# where do you buy gigs around daphne



## scott44 (Aug 17, 2013)

Wallyworld,Dicks and BPS dont show any.


----------



## flounderslayerman (Jun 3, 2011)

I build mine. But pm cosson gigs he'll have what you need. Did you get to see the jub this morning ?


----------



## scott44 (Aug 17, 2013)

flounderslayerman said:


> I build mine. But pm cosson gigs he'll have what you need. Did you get to see the jub this morning ?
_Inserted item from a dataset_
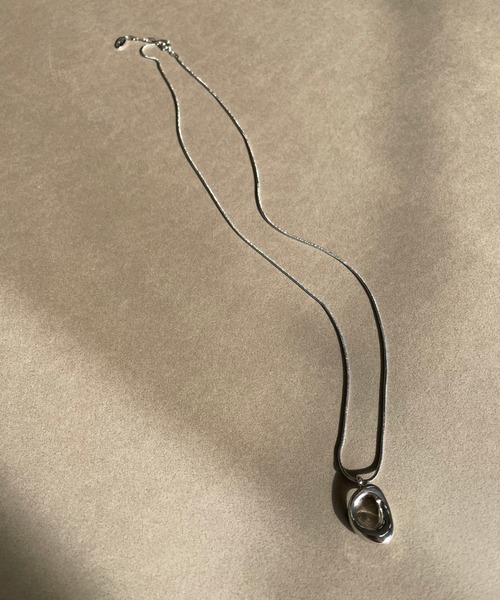 RIVE DROITE（リヴドロワ）の「モチーフスネークネックレス（ネックレス・レディース・シルバー/ゴールド・FREE）」の3枚目の写真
Yea...got there about 6:30 and it wasn't much,they said it was a lot better yesterday.I got 2 15in flounder and 2 mullet though ..saw lots of tiny flounder and some shrimp pods swimming around. Was pretty cool!!...never seen one before and cant wait till next summer to see a good one.


----------



## flounderslayerman (Jun 3, 2011)

I hate having to work it causes me to miss jubs. I got on one really good one this year. As long as the water is hot there's a chance for one with the right wind.


----------



## flounderslayerman (Jun 3, 2011)

If you just want to get a cheap gig to try out gigging get a BnM #8. Most bait shops should have them. They just don't last long.


----------



## dsar592 (Oct 12, 2007)

Man if you are walking in a jubilee make you one. Go to home depot and get you a 3/8 threaded rod and drill a hole in an old broom stick or wooden dowel. Screw it in there about 3 inches and leave 5-6 inches sticking out. This is what I use when walking and the flounder will stay on it and you dont have to put your hand under them to pick them out of the water. Some people like dragging a stringer on a metal rod. You can buy them at fishermans discount on 98 in fairhope or other plades. I just dont like to walk and drag all that weight but thats me. If you are using a boat buy a cosson gig head and get a boutwell handle from the blue water ships store in foley and you will be set. You will need to make a rake to get the fish off cause once you stick them with a cosson gig its on there...


----------



## flounderslayerman (Jun 3, 2011)

You can get boutwell poles at cambells hardware in robertsdale also. I use a s


----------



## flounderslayerman (Jun 3, 2011)

You can get boutwell poles at cambells hardware in robertsdale also. When I wade I use a stainless rod with a barb on it and a stringer attached to it. Just stick em and slide on the stringe but it can be pain to drag a bunch of fish.


----------